# Show your bench vice



## Jan-Sietze

post: 1315803 said:


> A coworker said something provocative the other day that I happen to agree with. "I don't trust a man with no vices."



That's a nice quote to start.

*But what kind of vice we really have? 
So show your vice !*


I have a reconditioned Paramo No2 Hi-Duty Vice.

According to The Workbench Book the Paramo vices were first produced during WW2.
Just after the Record Vice factory was bombed in 1940, there was a shortage of Vices.
It dawned on everyone by the vices of great importance for the war industry.
The British government gave permission to the foundry of F. Parramore & Sons Ltd. to produce record. Vices
The company which was the casting of steel tubes known could produce solid and precious folk vices with the knowledge and people of Record under the name Paramo.

I think my vise is one of the first series seen the old cast logo.
I have my vise repainted and equipped with new 'homemade' jaws.
The jack is (again) galvanized.





































Total cost: 40 euros ( ~55 U.S. dollars).
This was his predecessor, sold for 30 euros ( ~41 U.S. dollars):


----------



## Jan-Sietze

Did I ask too much?
or quote is placed in the wrong forum...



> "I don't trust a man with no vices."


----------



## jerry quinn

Jan-Sietze said:


> Did I ask too much?
> or quote is placed in the wrong forum...

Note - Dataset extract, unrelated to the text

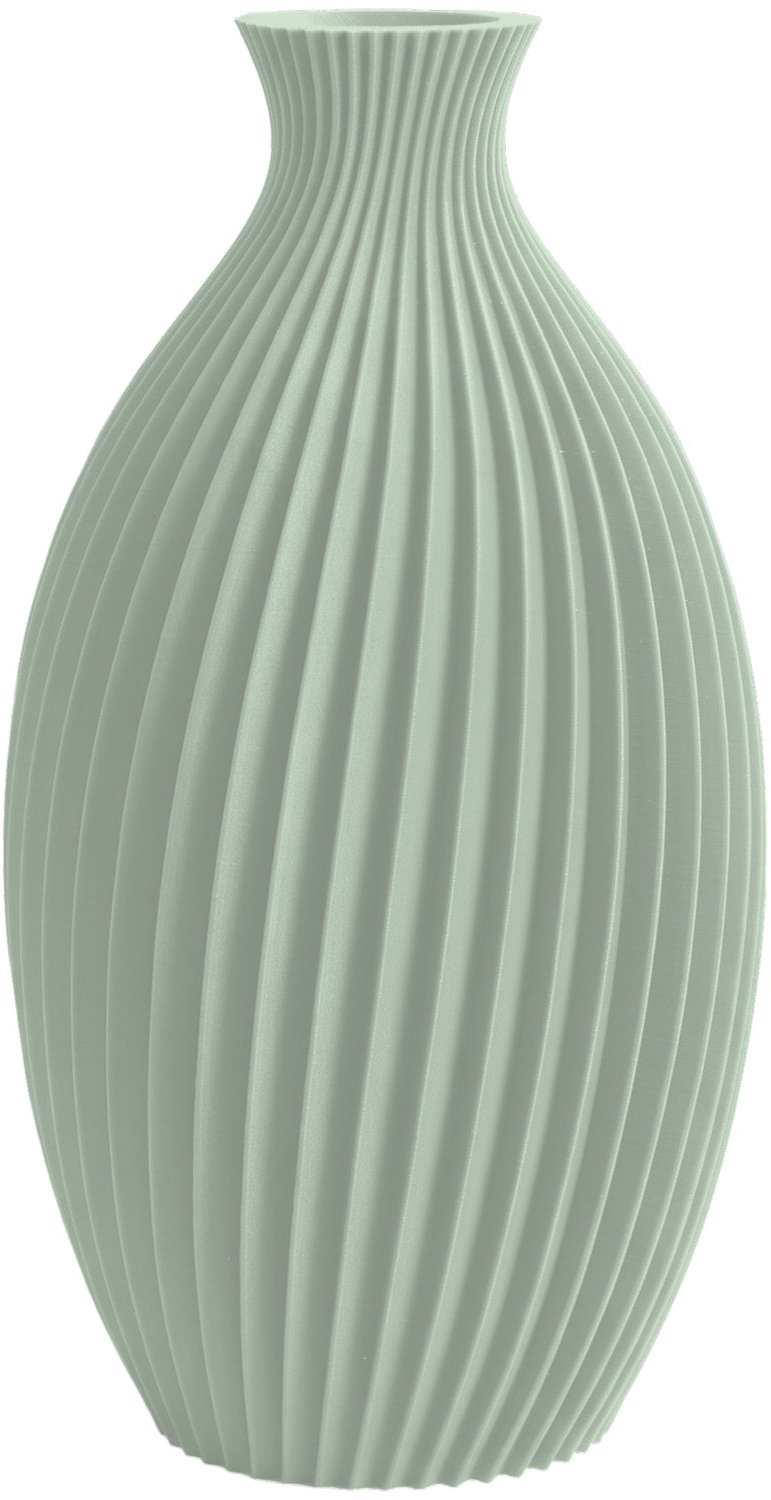 Layvo JUNES Vaas - Salie - D14 x H25 cm - droogbloemen vaas - gegroefde vaas - gerecycled plastic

No but after seeing your vice. We are all embarrassed to show ours.


----------



## jerry quinn

The first one is a crappy craftsman, but it holds real good. Plus if someone steals it im not out much. The sec. is in my shop it`s a Prentiss NO.50 made in new york. It holds very good and is very smooth.


----------



## president

I have a paramo wood vise that I use for sraightening bars and removing wire edges,Its nice to hear the 
background of this great tool


----------



## Jan-Sietze

Nice vises, look like big ones.


----------



## stihl sawing




----------



## KenJax Tree

Sent from my iPhone using Tapatalk


----------



## Plan-b

Sweet resto on the Paramo! I have a newer (late 90's) Record 6 inch and a cheepy 4 inch on the welding bench. My nephew scooped my dad's old Henry.


----------



## Rusty Barlow

stihl sawing said:


> View attachment 334281
> View attachment 334282
> View attachment 334283


Hey, I've got the same multiposition vise (top one) at work! My dad bought it 20 some years ago and it's pretty beat now. Haven't had much luck finding a suitable replacement.

I can't believe I'm checking out vise pron.


----------



## Jan-Sietze

I picked up another Paramo No 5 for 35 euro (48 dollar)...
These are my vises:
















When restored, I'll show you new pictures...


----------



## Rusty Barlow

Jan-Sietze said:


> I picked up another Paramo No 5 for 35 euro (48 dollar)...
> These are my vises:
> 
> 
> 
> 
> 
> 
> 
> 
> 
> 
> 
> 
> 
> 
> 
> 
> When restored, I'll show you new pictures...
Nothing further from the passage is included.